In a pre-WWII small English village, a writer (Walter Pidgeon) stuck in an unhappy marriage to a cold unloving wife (Angela Lansbury) becomes embroiled in a scandal when he befriends a young unwed and pregnant girl (Janet Leigh) and takes her into his home. Suspicion falls on him as the father when, in fact, he's in love with a married woman (Deborah Kerr). A tragedy brings the nastiness of the small town mentality to the forefront. It's a sort of
PEYTON PLACE or
KINGS ROW set in a small English village. Based on the novel by A.S.M. Hutchinson (previously made as a 1923 silent) and directed by Victor Saville (
GREEN DOLPHIN STREET), the film never takes flight despite its juicy melodramatic aspects. It takes the high minded approach rather than a lurid one which might have given the film the necessary punch.
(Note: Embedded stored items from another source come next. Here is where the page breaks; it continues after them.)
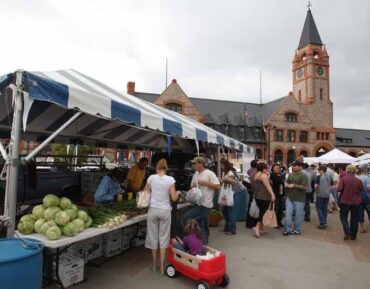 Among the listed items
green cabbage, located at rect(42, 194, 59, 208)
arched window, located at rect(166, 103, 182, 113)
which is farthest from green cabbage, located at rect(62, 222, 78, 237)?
arched window, located at rect(166, 103, 182, 113)

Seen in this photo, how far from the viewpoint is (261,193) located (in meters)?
7.57

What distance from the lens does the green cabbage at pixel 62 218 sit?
4.05 meters

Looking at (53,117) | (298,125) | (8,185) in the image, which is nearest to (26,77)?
(8,185)

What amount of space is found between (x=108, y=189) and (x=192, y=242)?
2089 millimetres

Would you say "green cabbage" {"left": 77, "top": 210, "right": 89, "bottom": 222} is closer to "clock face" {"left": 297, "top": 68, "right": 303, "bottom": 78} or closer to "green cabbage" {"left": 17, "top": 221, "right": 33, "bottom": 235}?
"green cabbage" {"left": 17, "top": 221, "right": 33, "bottom": 235}

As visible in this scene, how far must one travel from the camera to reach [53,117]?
7.47 meters

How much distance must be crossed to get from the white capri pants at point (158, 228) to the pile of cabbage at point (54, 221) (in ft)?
3.34

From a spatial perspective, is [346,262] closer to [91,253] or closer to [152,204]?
[152,204]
It doesn't help that Pidgeon is an uninteresting actor who's completely miscast. Oh, he's fine as Mr. Greer Garson but it's difficult to see him as the kind of man who's a chick magnet and his character seems terribly naive in some respects. Poor Angela Lansbury only two years older than Janet Leigh's unwed teen mother and already playing spiteful middle aged wives. With Binnie Barnes as the village gossip, Dame May Whitty, Rhys Williams and Reginald Owen.